One of the other cool things that came out of the Firefox
                  Desktop work week that I mentioned in my previous post was
                  increased exposure to a handy tool written by
                  taras and
                  bsmedberg:
                  jydoop.
                  Benjamin has
                  a post explaining what it is and how it works, but I wanted to describe one specific use: measuring
                  main-thread responsiveness issues in the wild.
                
                First, a bit of backstory!
                
                  One of my team’s overarching goals for a long time has
                  been eliminating all sources of main-thread file I/O.[1] One of the worst main-thread I/O offenders in Firefox code
                  is our
                  SQLite Storage API. A few years ago we went a bit overboard using a version of
                  this API that is synchronous, and does its file I/O work on
                  the main thread. So recently we’ve been focused a lot on
                  eliminating all users of that API.
                
                
                  One consumer of this API that we
                  fixed in Firefox 23
                  is the
                  Form History code
                  (responsible for remembering information entered into web
                  forms and offering to re-fill it).
                  Neil Deakin,
                  markh and
                  mak worked together to
                  fix the core service (based on earlier work from a previous
                  Mozilla intern, Felix),
                  but after landing that improvement, taras noticed that there
                  were
                  still some remaining issues. We eventually determined that the likely primary culprit
                  for the remaining Form History main-thread I/O was Firefox
                  Sync’s use of the older Form History API.
                  markh and
                  rnewman worked
                  together to
                  fix Sync, but we weren’t entirely sure whether that was
                  sufficient to eliminate all of the main thread I/O we were
                  seeing reported by telemetry.
                  
                    Now, to the jydoop part
                
                
                  Taras had identified that our initial Form History fix
                  wasn’t complete using the
                  SlowSQL telemetry dashboard. This gives a high-level overview of slow SQL statements
                  occurring in the wild, and he noticed that after we landed the
                  original fix for form history, some formhistory.sqlite
                  statements were still showing up. Unfortunately, the SlowSQL
                  dashboard only offers two time ranges: previous week, and the
                  previous month, and it aggregates data across all builds from
                  a specific channel (e.g. “nightly”), which means
                  that I couldn’t easily use it to confirm whether our
                  Sync fix was effective.
                
                
                  That’s where jydoop came into the picture. It allows
                  much more sophisticated analysis of the SlowSQL data. I wrote
                  a couple of jydoop scripts:
                  one
                  to summarize the slowSQL reports for formhistory.sqlite from
                  builds before the
                  Sync fix
                  (i.e. Nightly builds with a build ID < 20130623) and
                  another
                  to do the same for builds containing the fix. I then ran those
                  scripts against Telemetry reports from the period from
                  2013-06-21 to 2013-06-24 (inclusive, i.e. roughly two days on
                  either side of the landing of the fix).
                
                The results!
                
                  The
                  results
                  are pretty conclusive: the reports of slow SQL statements for
                  formhistory.sqlite from builds including the Sync fix were
                  dramatically reduced. The most frequently slow statement from
                  builds before the fix (“COMMIT TRANSACTION”) was
                  responsible for a total of 417 seconds of main-thread
                  unresponsiveness (174993 occurences of slowness at an average
                  of 143ms of “jank” at a time), over that period.
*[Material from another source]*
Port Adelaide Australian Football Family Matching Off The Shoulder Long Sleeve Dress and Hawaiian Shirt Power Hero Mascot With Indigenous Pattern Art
                  The Sync fix prevented that statement (and many other slow
                  statements) from occurring at all, thus removing a significant
                  cause of main-thread responsiveness issues experienced by
                  Firefox users in the wild.
                
                Next steps
                
                  If you look at the results in more detail, they reveal that
                  there are still some slow SQL main-thread operations happening
                  on formhistory.sqlite – they’re less frequent and
                  severe, and are tracked by
                  other bugs. I’m going to be using jydoop to gather more data on
                  the improvements my team’s already made, as well as
                  gauge the potential for improvement in areas we’re still
                  working on. I also want others on the team to learn to use
                  jydoop, so that people can make their own measurements to
                  validate the improvements they’re working on.
                
                
                  [1] Main-thread file I/O is a
                    term used to describe trying to read from or write to the
                    disk on the same thread (the “main thread”) as
                    you’re trying to respond to user input (e.g. mouse/key
                    events) and do other things like drawing the UI. Reading
                    from or writing to the disk can take a relatively long time,
                    particularly if you have a slow hard drive, so we want to
                    always do it on a background thread so that those other
                    important responsiveness tasks (responding to input and
                    updating the UI) aren’t affected.